*** Opening MATERIAL SHOWN ***
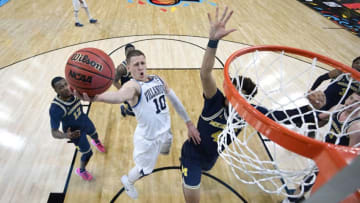 SAN ANTONIO, TX - APRIL 02: Donte DiVincenzo #10 of the Villanova Wildcats drives to the basket against the Michigan Wolverines during the first half of the 2018 NCAA Men's Final Four National Championship game at the Alamodome on April 2, 2018 in San Antonio, Texas. (Photo by Brett Wilhelm/NCAA Photos via Getty Images)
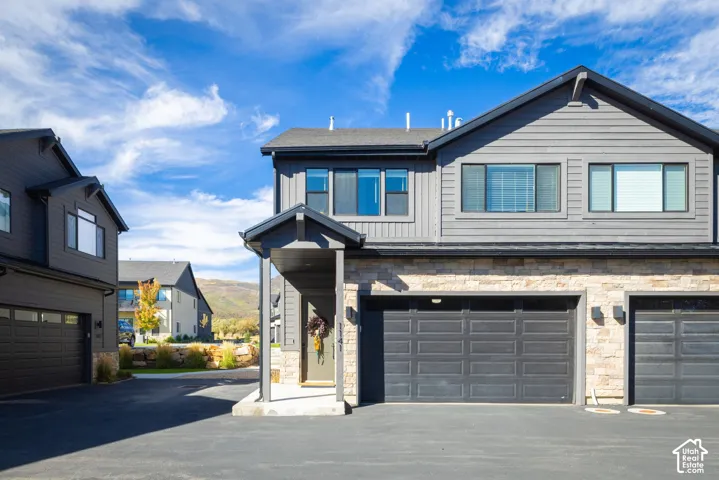 Contemporary exterior design featuring horizontal siding and stone accents, covered entry, and attached garages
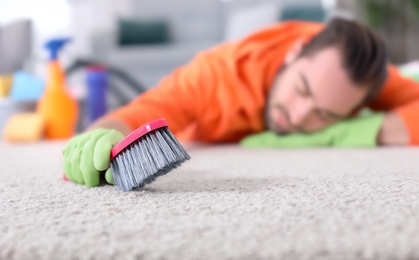 Tired man after cleaning carpet sleeping on floor at home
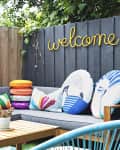Outdoor patio with gray sectional, colorful pillows, wooden table, and "welcome" sign on fence. Two vibrant wall art pieces.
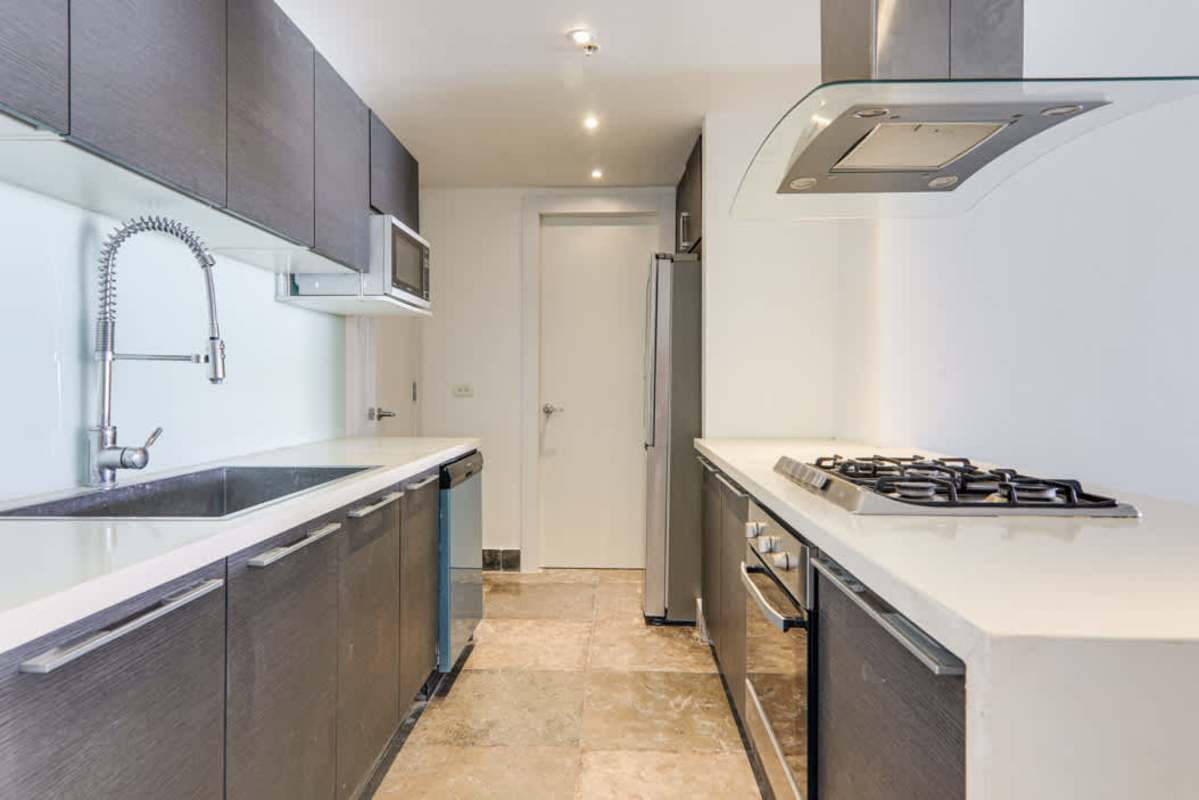 Contemporary kitchen with granite counters and appliances in YOO Panama apartment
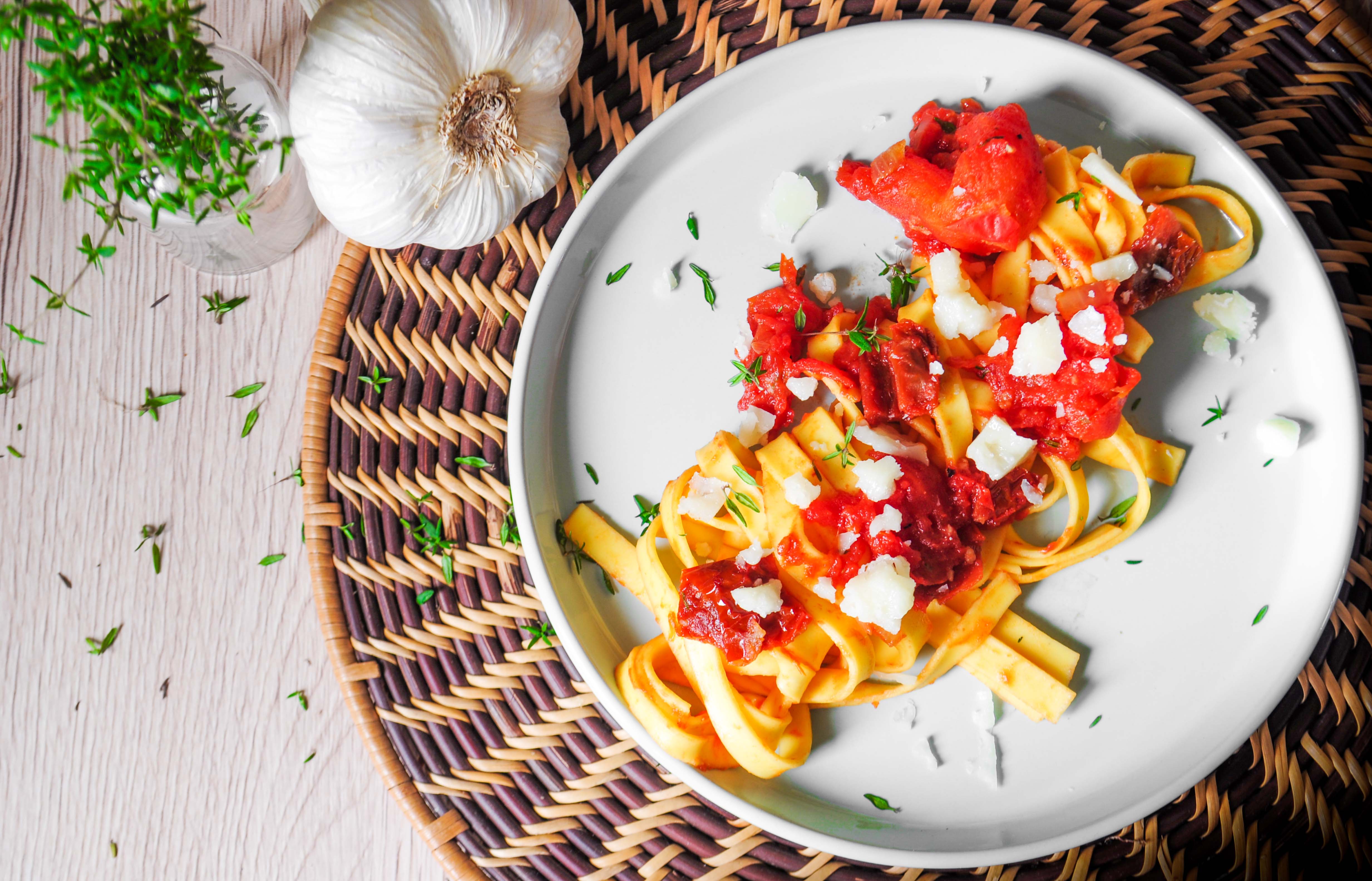 Italienische Tagliatelle mit Tomatensauce, frischem Käse und Kräutern auf weißem Teller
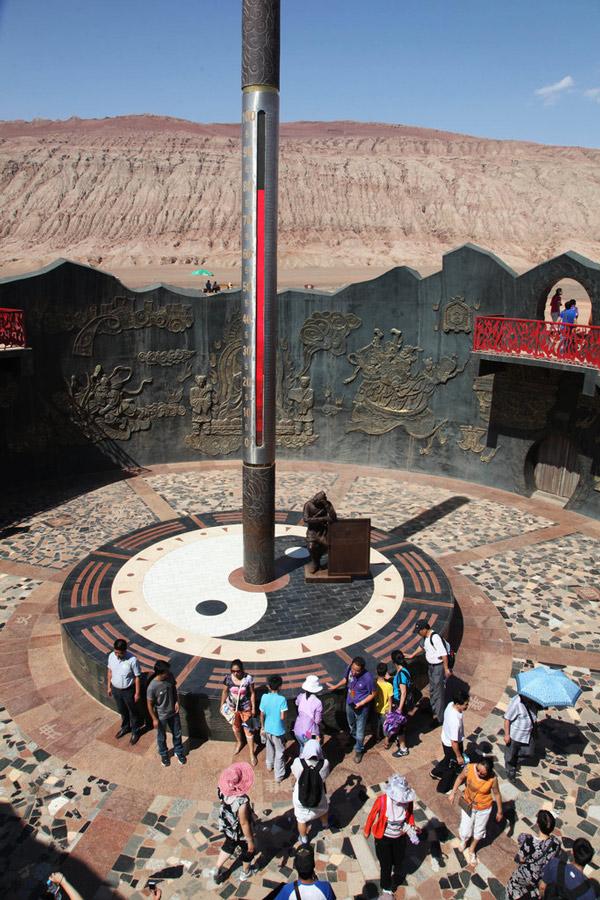 Tourists visit Huoyan mountain of Turpan city to the southeast of Urumqi, capital city of Xinjiang Uygur Autonomous Region of China on July 30, 2013. The giant thermometer in the Huoyan mountain of Turpan showed the temperature surpassed 78 degrees Celsius. (Photo/gmw.cn)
*** Closing MATERIAL SHOWN ***
TASK STATEMENT>
From the first line of the material down to the line containing "Tired man after", inclusive, return each line exactly, skipping any picture.

EXERCISE OUTPUT>
 SAN ANTONIO, TX - APRIL 02: Donte DiVincenzo #10 of the Villanova Wildcats drives to the basket against the Michigan Wolverines during the first half of the 2018 NCAA Men's Final Four National Championship game at the Alamodome on April 2, 2018 in San Antonio, Texas. (Photo by Brett Wilhelm/NCAA Photos via Getty Images)
 Contemporary exterior design featuring horizontal siding and stone accents, covered entry, and attached garages
 Tired man after cleaning carpet sleeping on floor at home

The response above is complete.